The Forest Products Association revealed this week that Earnscliffe Strategy Group received $800,000 from the Forest Products Association of Canada (FPAC) for "polling, research and advice" after then trade minister Pierre Pettigrew announced $17 million for FPAC to promote Canadian softwood lumber in the United States. 

At the time, Ruth Thorkelson, who is now the prime minister's deputy chief of staff for parliamentary affairs, was FPAC's vice-president of government relations. Previous to that, Thorkelson served as Martin's chief of staff until Oct. 2001. 

But there's more.

Andre Albinati, who was an advisor on Martin's Liberal leadership campaign and also served on his transition team, was working as Pettigrew's aide shortly before the $17 million was announced. Five days before the announcement, Albinati registered as a lobbyist with Earnscliffe's lobbying arm. 

In a December interview with the Ottawa Citizen, Pettigrew's spokesman, Sebastien Thebarge, was asked whether Albinati, who served as a policy advisor on the softwood lumber file, worked on the grant. "He was responsible for softwood lumber in general, yes," Thebarge told the Citizen. 

At the time of his move to Earnscliffe, Ethics Counsellor Howard Wilson had discussions with Albinati and found he would not be in a conflict as long as he did not lobby his former department, Foreign Affairs and International Trade, for a full year. 

When he arrived at Earnscliffe, Albinati joined two other people who worked on Martin's leadership campaign who were already registered to lobby the government on behalf of FPAC, in addition to Thorkelson who was in-house. 

Michael Robinson, who headed Martin's transition team, and Charles Bird, who volunteered on Martin's leadership bid, were both registered to lobby for FPAC. Robinson is still at Earnscliffe, while Bird left last month to become vice-president, government affairs, for Bell Globemedia, the parent company of both the Globe and Mail and CTV.

Even though the announcement was made nearly two years ago, FPAC revealed the deal with Earnscliffe just two days after an inquiry from PoliticsWatch about whether any of the $17 million for the campaign went to ad agencies that were involved in the sponsorship scandal. 

An FPAC spokesman told PoliticsWatch that ad agencies were not used because it was an "advocacy campaign." However, he did not mention the involvement of Earnscliffe. The Earnscliffe link was reported in a brief, three-paragraph story in today's Globe and Mail, which did not note the links with Albinati, even though they were reported in the Ottawa Citizen last year. 

This link to Earnscliffe also comes just days after Prime Minister Paul Martin declared in Quebec City the end of cronyism in Ottawa "come hell or high water."

"No longer will the key to Ottawa be who do you know," the prime minister said. "We are going to condemn to history the practice and the politics of cronyism."

Conservative MP Chuck Strahl said he hasn't seen any evidence that Martin plans to end this type of cronyism. 

"Every time he gets up there and gives this impassioned plea that come hell or high water he's going to clean this up, within a day or two we find out that not only is it not cleaned up, but the people around him are doing the same thing that Jean Chretien's folks did: They're using their access to build an empire or to raise money that no one else can do." 

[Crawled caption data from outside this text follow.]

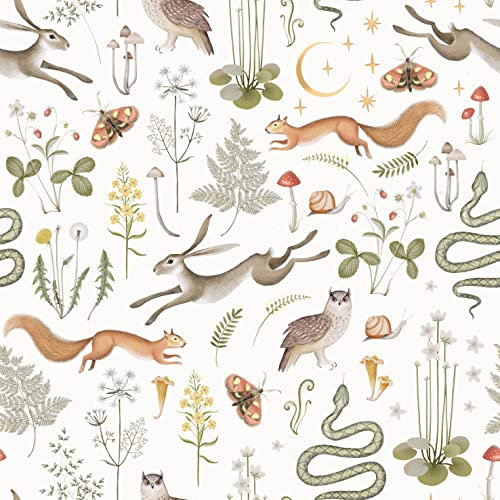 SOEWIOU Colorful Animals Wallpaper, 44.5 * 300cm Thicken Peel and Stick Removable Wallpaper with Squirrel, Owl, Snake, Rabbit Patterns for Home Deco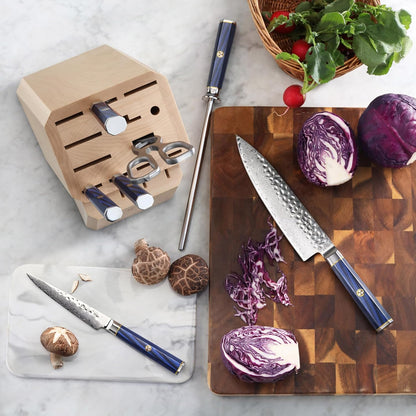 Cangshan KITA Series 12-Piece Knife Block Set, HUA Ash Wood Block, 501790 (Blue, 12pc)
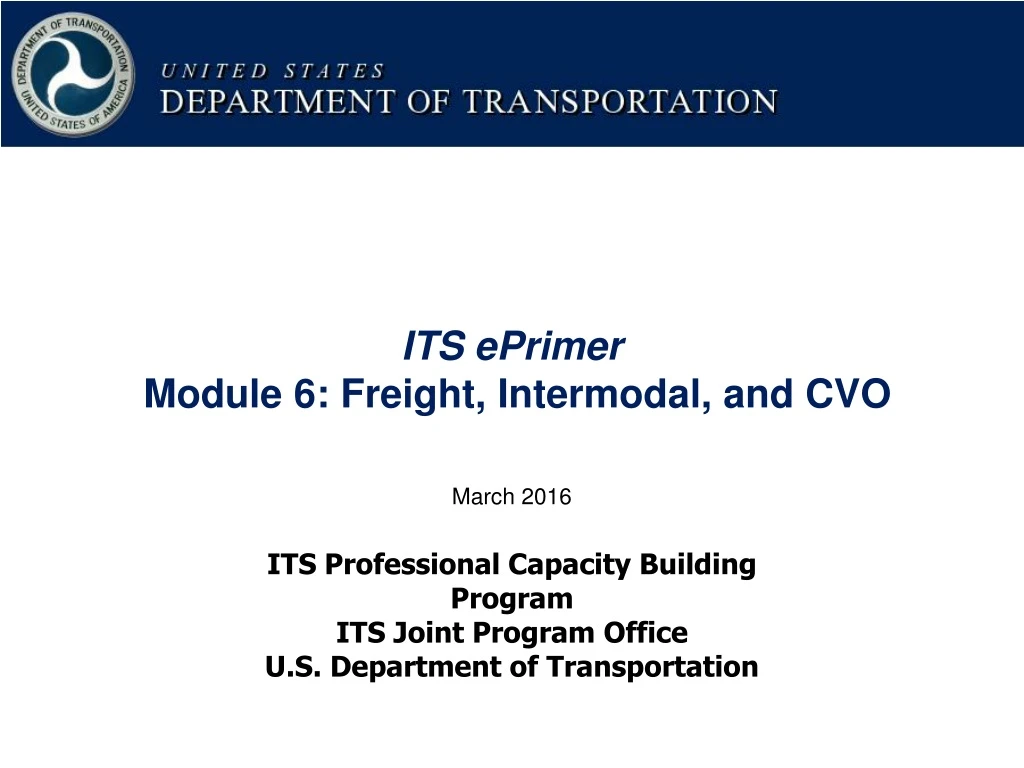 its eprimer module 6 freight intermodal and cvo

He said although Martin's speech was a "good, passionate speech," this latest revelation is a dose of reality. 

"It seems to me that if you follow the money, Earnscliffe and the people around there have just a remarkable ability to get an inside track on these jobs," he said. "It's just a real head-shaker. We should all be so lucky to fall into these arrangements where $800,000 falls in your lap." 

He noted that firms are built on smaller contracts than the $800,000 awarded to Earnscliffe. 

"It's a big deal," he said, adding that the Tories are going to raise this in the House next week. 

The Canadian Press recently reported that Earnscliffe received more than $6 million in government contracts since Martin became finance minister in 1993. The $800,000 would not be included in that figure since it came from a private association. 

According to the Foreign Affairs news release from 2002, FPAC received the $17 million for "a softwood industry-led campaign to raise awareness of the negative impact that softwood lumber duties will have in the United States, and to encourage productive negotiations and a resolution of this dispute."

In the news release, Pettigrew stated, "We fully support our industry in its efforts to bring these damaging costs to the attention of Americans. When they realize that these duties favour the few at the expense of many, perhaps Americans will see the need to resolve the dispute in a reasonable way."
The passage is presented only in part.